Please output the listing exactly as it stands, but omit any images.
(Beginning of Collected data)
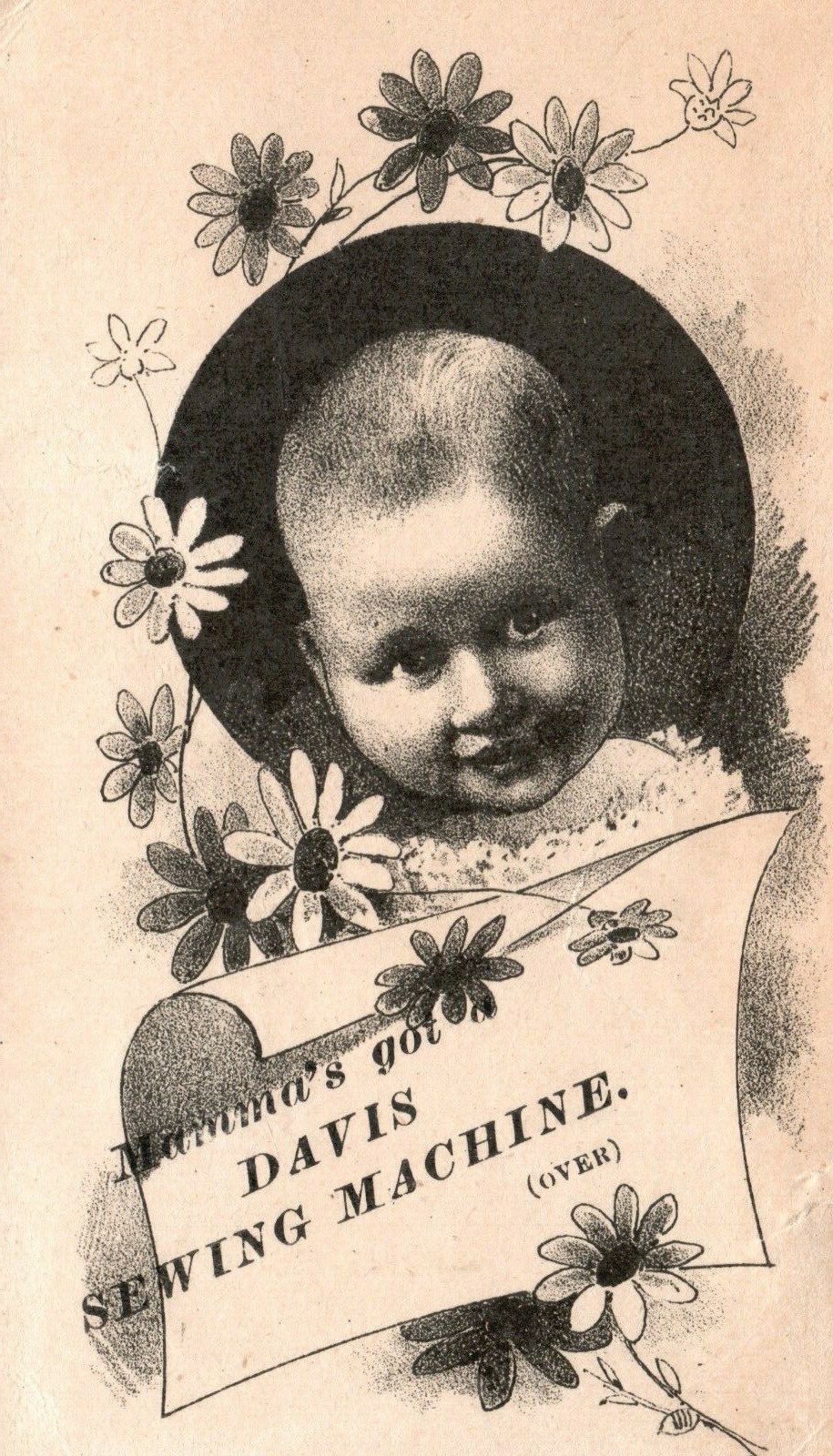 1880s-90s Baby Portrait Momma\'s Got Davis Sewing Machine New England Branch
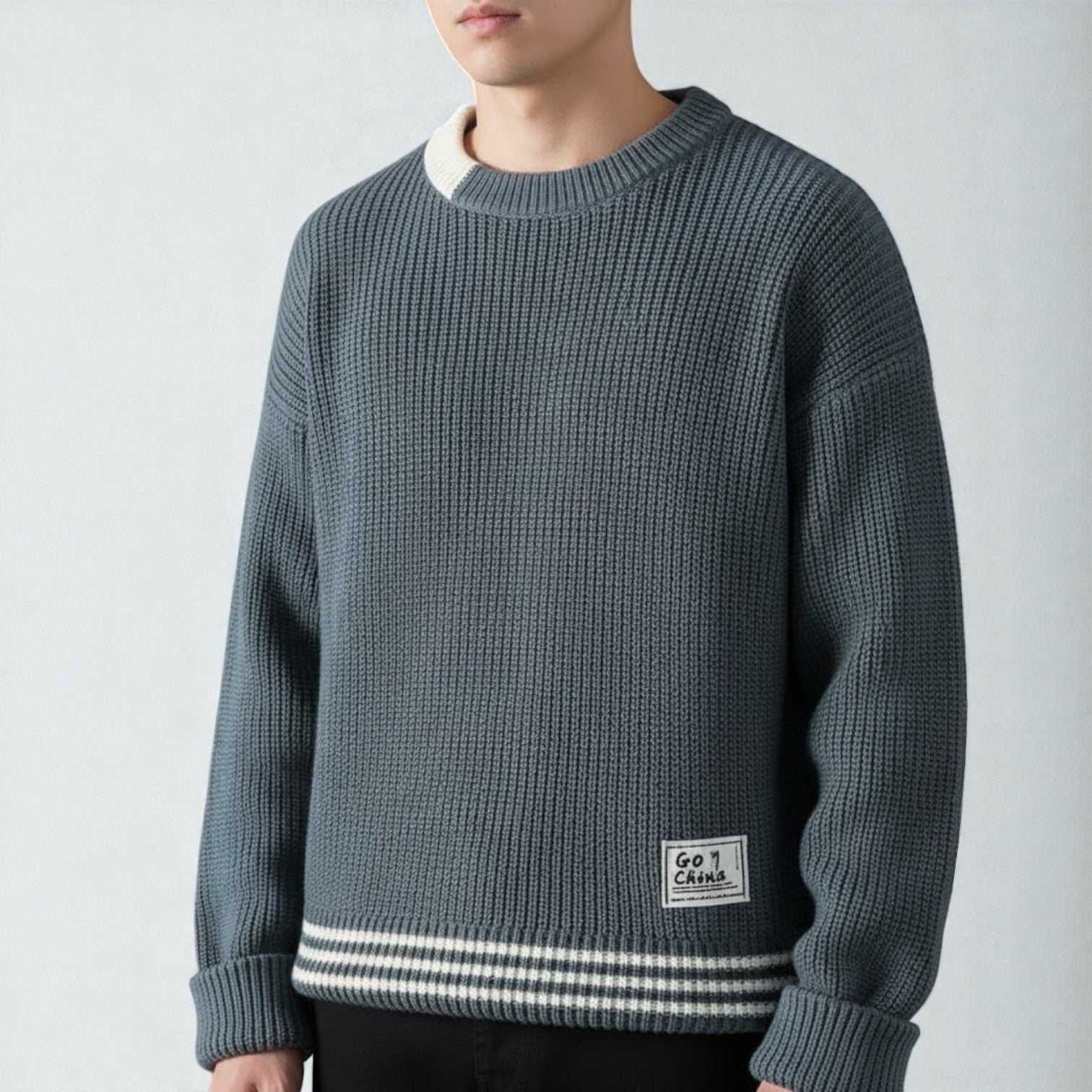 Lunaro men's cotton crew neck sweater in neutral tone, slim modern fit for office and city wear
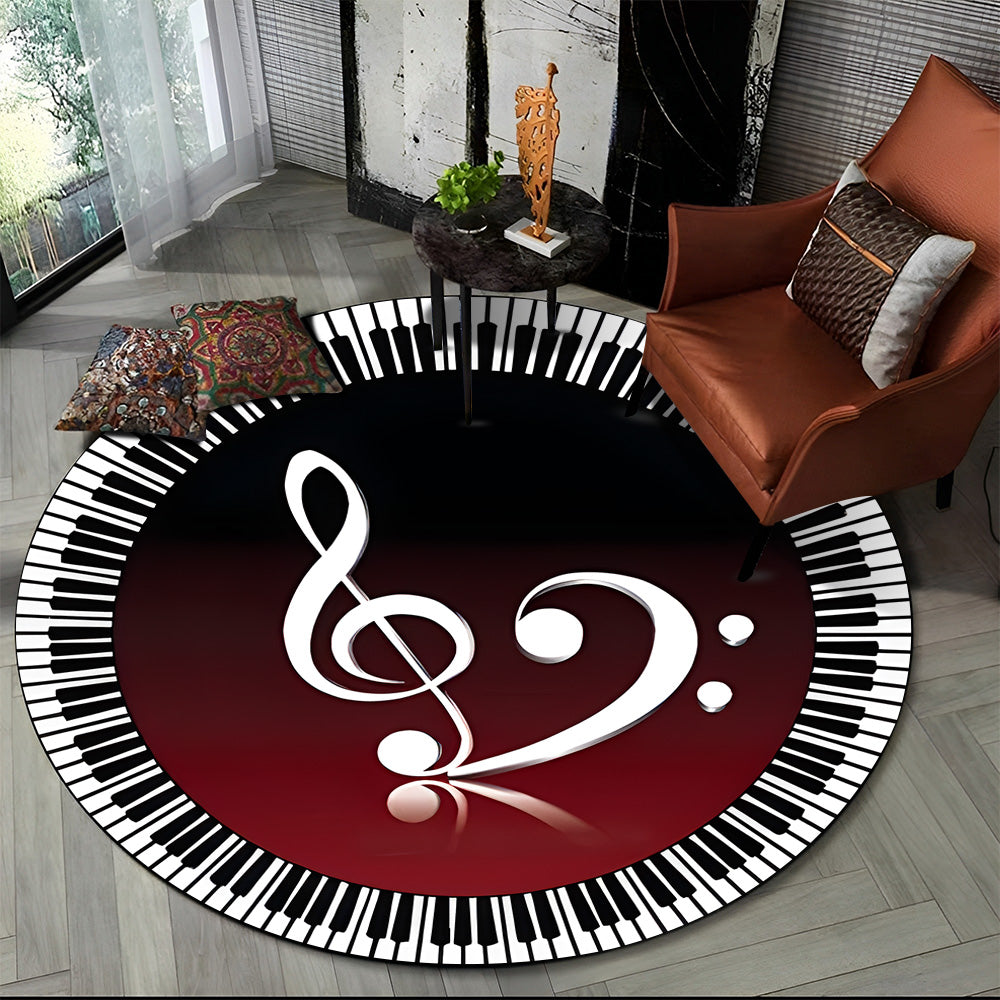 Tapete Redondo Antiderrapante com Estampa Colorida Teclas de Piano e Símbolos 150cm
(End of Collected data)
## [Written response]
 1880s-90s Baby Portrait Momma\'s Got Davis Sewing Machine New England Branch
 Lunaro men's cotton crew neck sweater in neutral tone, slim modern fit for office and city wear
 Tapete Redondo Antiderrapante com Estampa Colorida Teclas de Piano e Símbolos 150cm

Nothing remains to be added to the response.